Festival kapsamında bugün iki ayrı salonda toplam 13 film gösterildi. Gösterimler arasında Uluslararası yarışmadan gelen Nijerya–Avusturya ortak yapımı Dantel İlişkileri dikkat çekti. Bu yapım, Lagos’taki Dantel Kraliçesi’nin kızı ile Avusturyalı bir dantel ihracatçısının ortaklığı üzerinden sömürge mirasını ve küresel ticaretin derin izlerini inceliyor.
Film, 1980–2000 arasındaki dönemde Avrupa’nın zenginleşmesindeki koloniyal izleriyle Batı Afrika’daki üretim dinamiklerini çok katmanlı bir hafıza olarak sunuyor. Çekimler Avusturya ile Nijerya’da gerçekleşirken, eser sadece ırkçılık ve gelir eşitsizliği gibi temaları değil, cinsiyetler arası eşitsizlik ve göçmen karşıtlığı gibi güncel konuları da ele alıyor. Yönetmenlerden Katharina Weingartner, gösterim öncesinde yaptığı konuşmada, iki Nijeryalı ve iki Avusturyalı yönetmenin ortak çalışmasını vurguladı: “Feminist ve sömürge karşıtı bir film üretim süreci benimsiyoruz.”
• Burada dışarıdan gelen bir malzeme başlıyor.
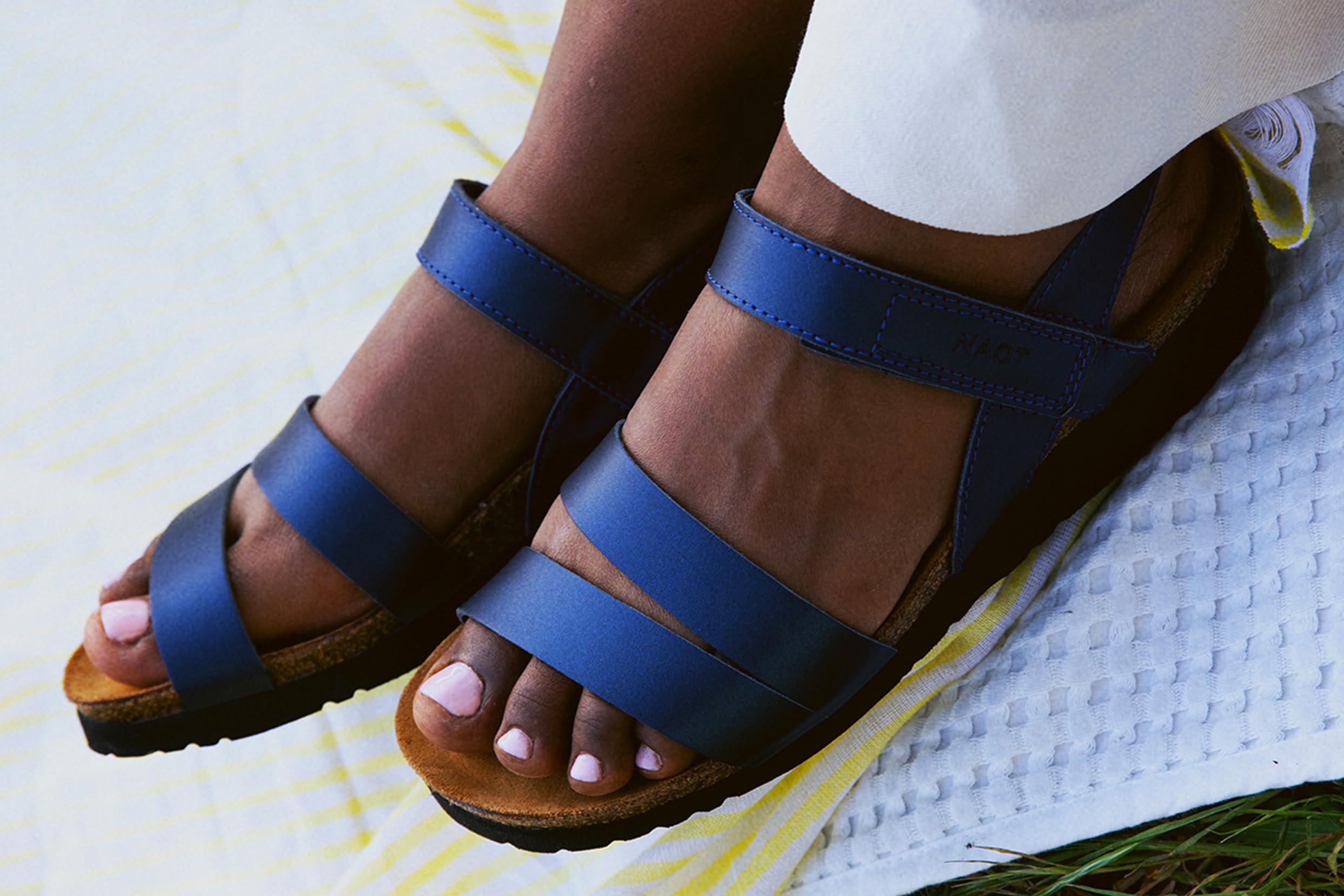 Sandalias NAOT Kayla para Mujer - 3 Correas de Soporte con Tira Trasera, Plantilla Cork-Latex, Soporte de Arco - Cómodas para Caminar todo el Día Polar Sea Lthr 10-10.5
Bugünün programında ayrıca Uluslararası yarışmada yer almayan ama Lübnan’da Güney’deki çatışmalar nedeniyle REEF Festivali kapsamında izleyiciyle buluşmayan Red Zeno’nun Cehennem Ağacı adlı kısa-orta metrajlı filmi öne çıktı. Zeno, filmde Beyrut’taki evinin bahçesinde hızla büyüyen istilacı bir ağacın varlığını keşfederken, bölgedeki savaş ve ekolojik tahribat arasındaki bağı araştırıyor. Çalışma, istila, işgal ve biyolojik çeşitlilik konularını bir arada ele alarak Güney Lübnan’daki arkadaşının tanıklıklarıyla İsrail’in saldırılarında kullanılan beyaz fosforlu mühimmatların etkisini de gözler önüne seriyor.
Festival kapsamında bugün sergilenen kısa, orta ve uzun metrajlı filmler; savaş, hızlı büyüyen endüstriler, insan kaynaklı hatalı kararlar ve teknolojinin ekoloji üzerindeki etkileri üzerine odaklanıyor. Kuraklık endişesi, okyanus kirliliği, toprak verimliliğinin düşmesi ve karbon ayak izinin artması gibi küresel endişeler ile gezegenin uzun ömürlü geleceğini tehdit eden savaşlar, bu yılın ana temalarını pekiştiriyor.